Please give back, exactly as written, the lines from the line with "Casă cu 3 camere în Cetariu" to the line with "Slip on shoe" in the listing below, leaving out all pictures.

Provided entries
-------------------------

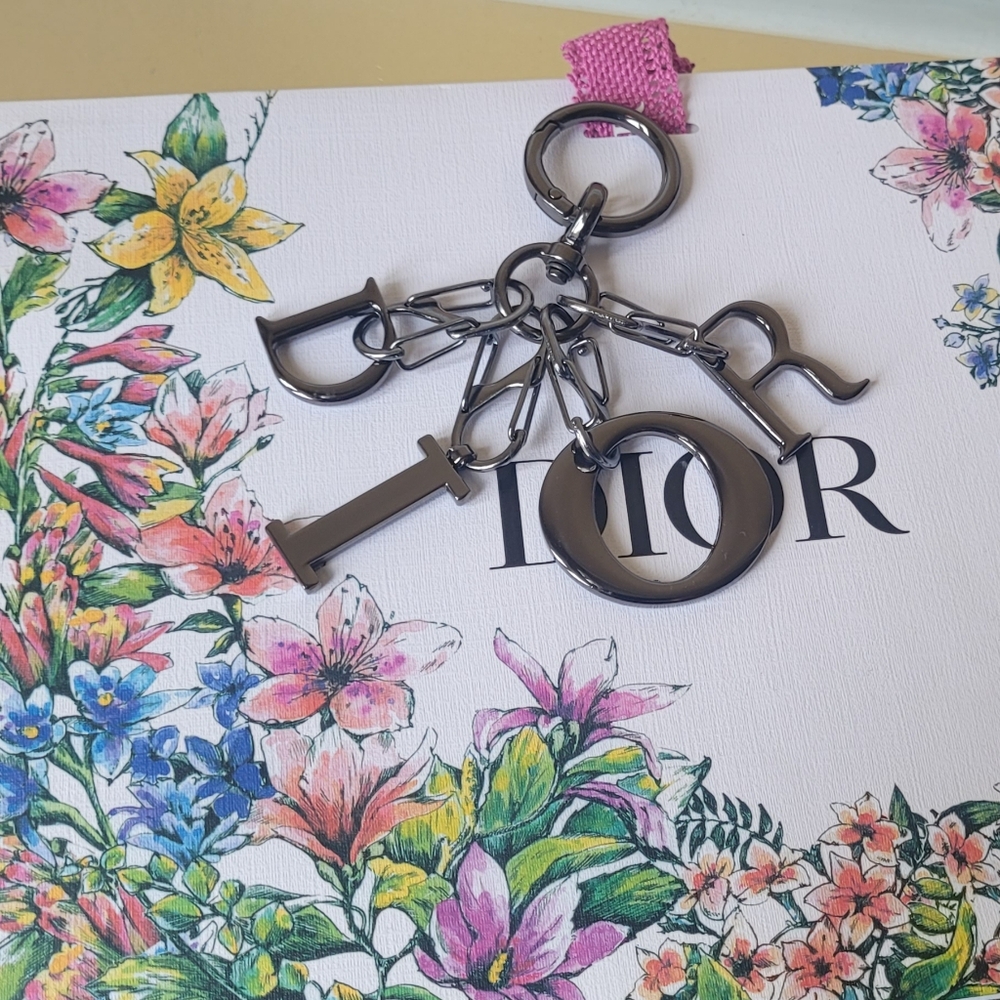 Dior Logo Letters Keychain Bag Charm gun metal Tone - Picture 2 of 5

-------------------------

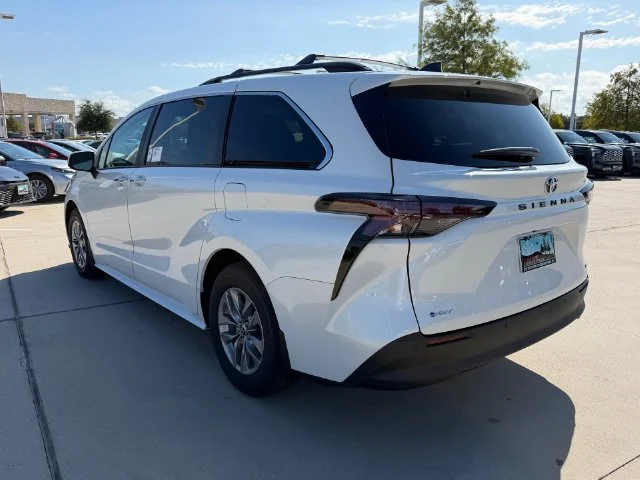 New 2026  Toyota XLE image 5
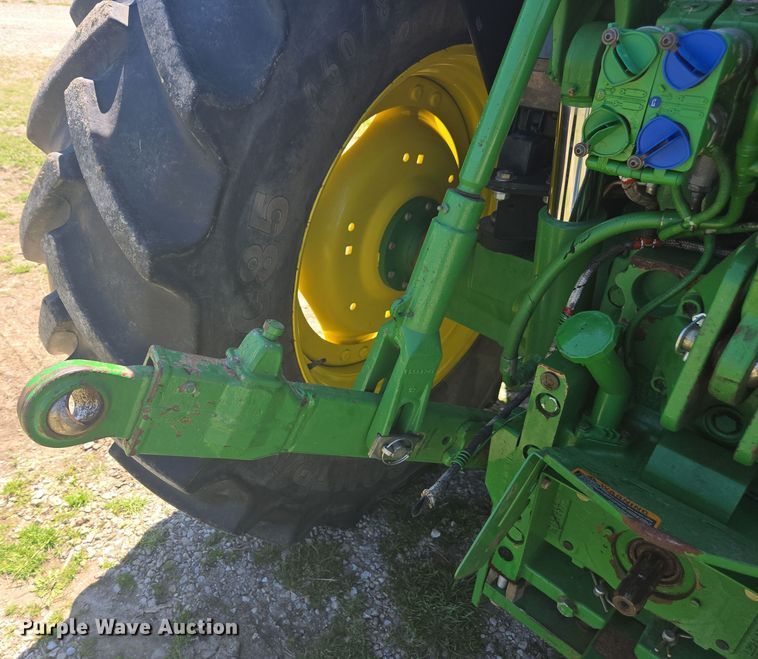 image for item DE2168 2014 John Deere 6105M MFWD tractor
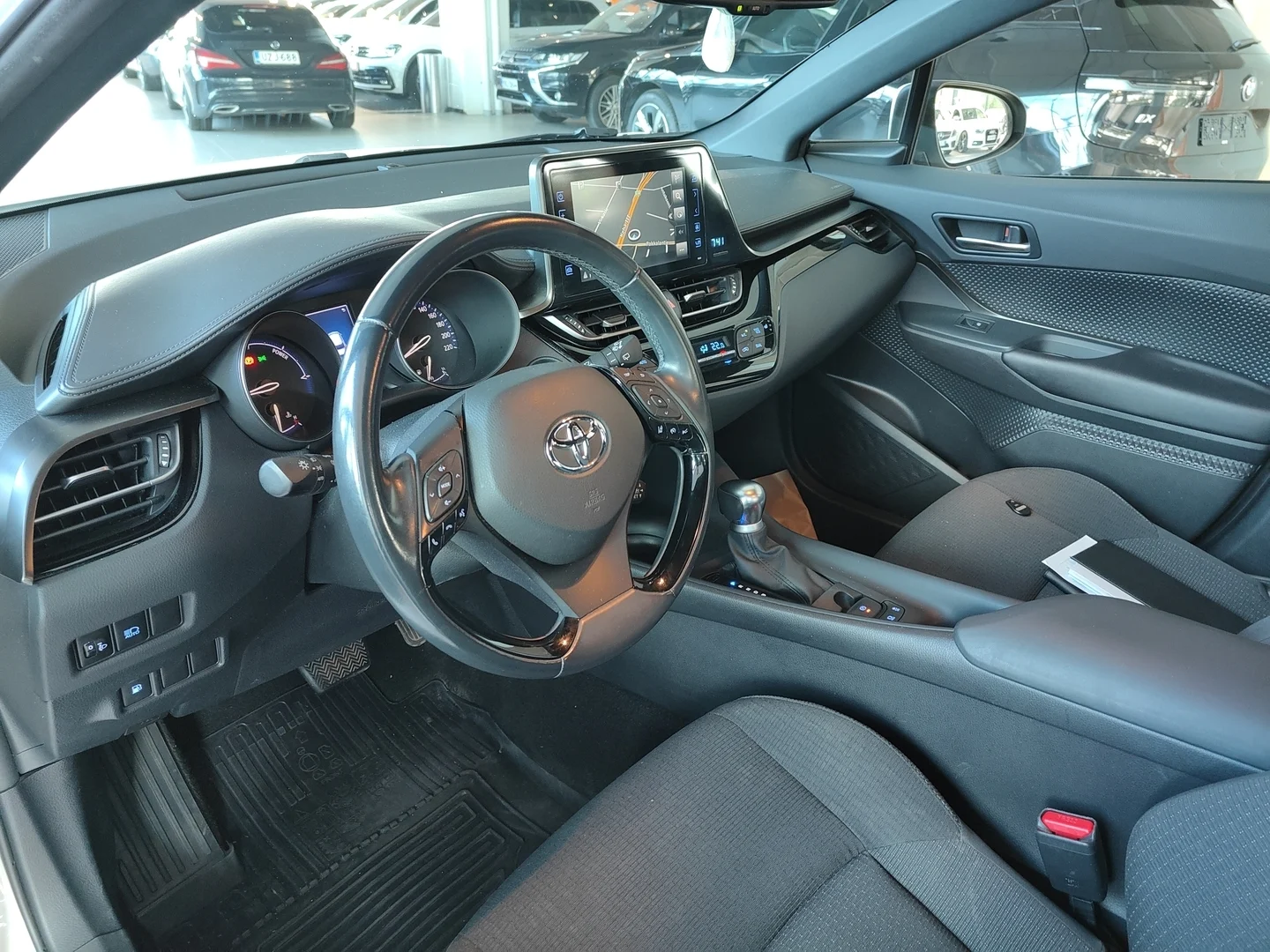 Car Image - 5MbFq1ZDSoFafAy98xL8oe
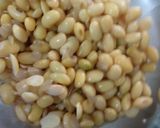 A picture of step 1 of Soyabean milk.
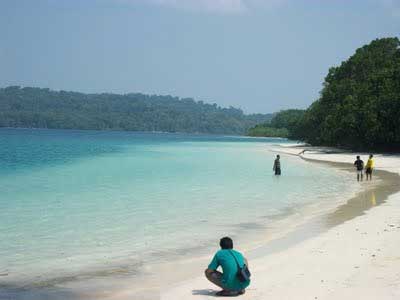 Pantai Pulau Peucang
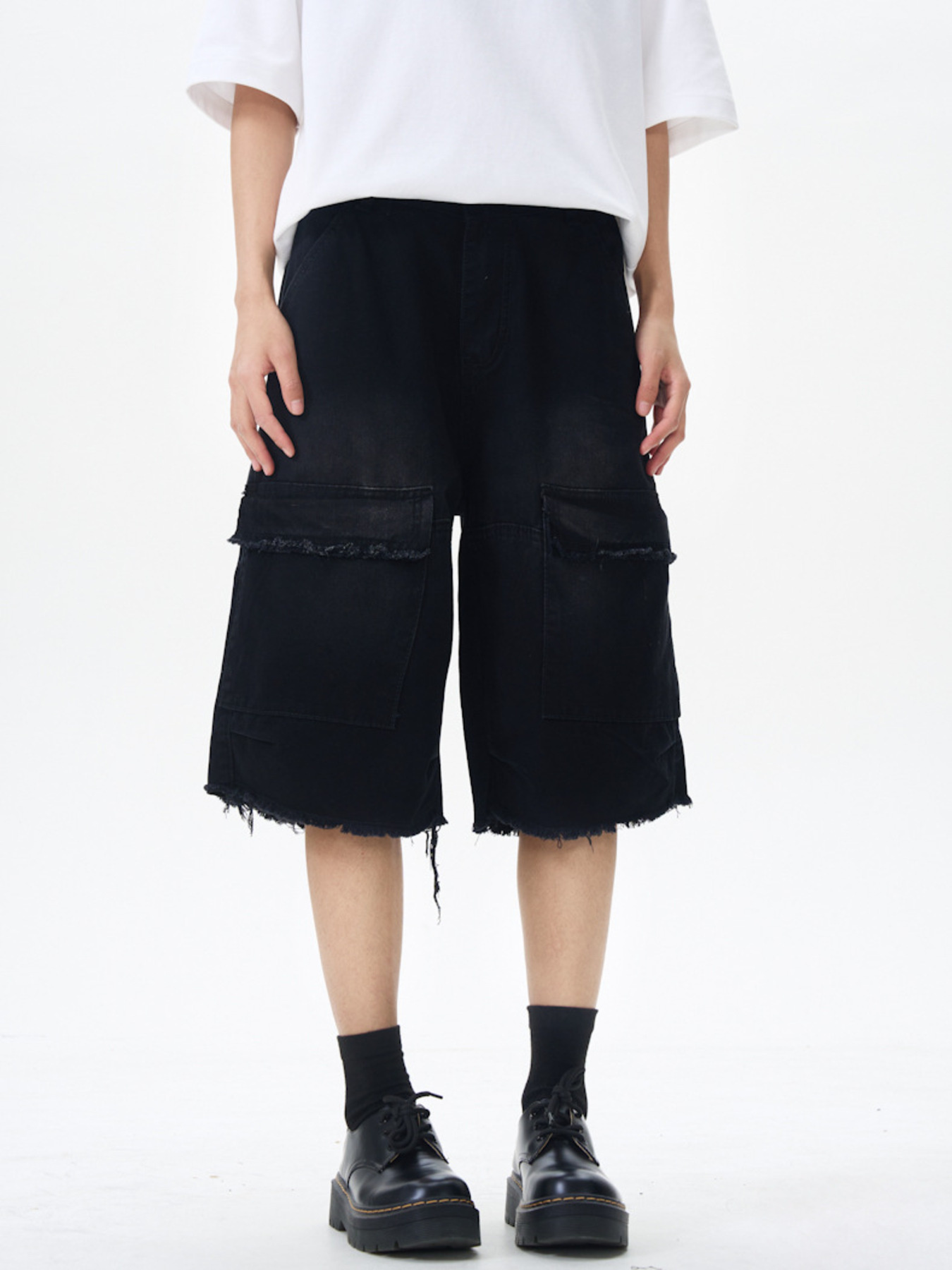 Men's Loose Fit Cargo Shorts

-------------------------

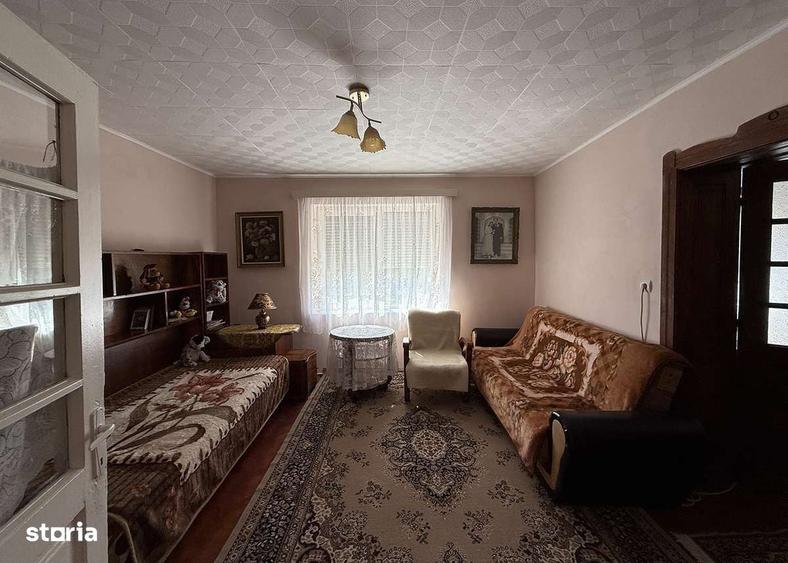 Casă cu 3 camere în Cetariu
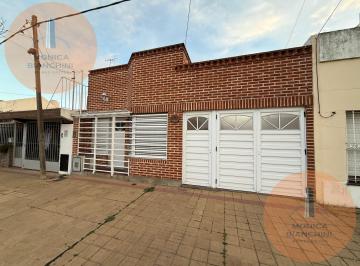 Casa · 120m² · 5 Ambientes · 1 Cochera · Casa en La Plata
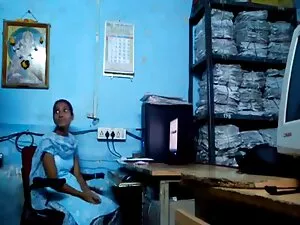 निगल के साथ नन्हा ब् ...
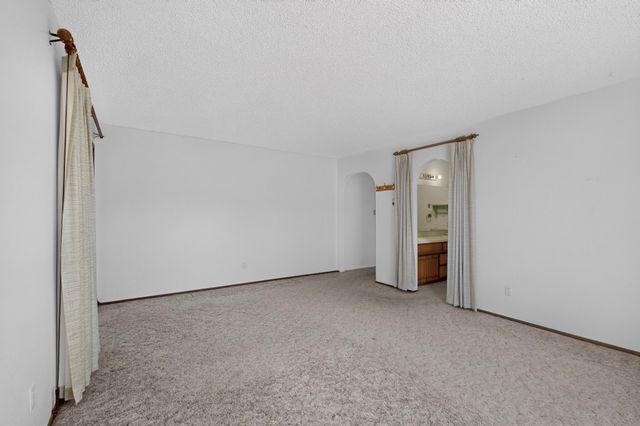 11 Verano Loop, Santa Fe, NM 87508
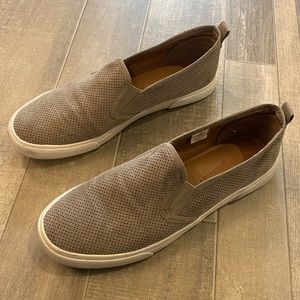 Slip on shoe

-------------------------

Response area
 Casă cu 3 camere în Cetariu
 Casa · 120m² · 5 Ambientes · 1 Cochera · Casa en La Plata
 निगल के साथ नन्हा ब् ...
 11 Verano Loop, Santa Fe, NM 87508
 Slip on shoe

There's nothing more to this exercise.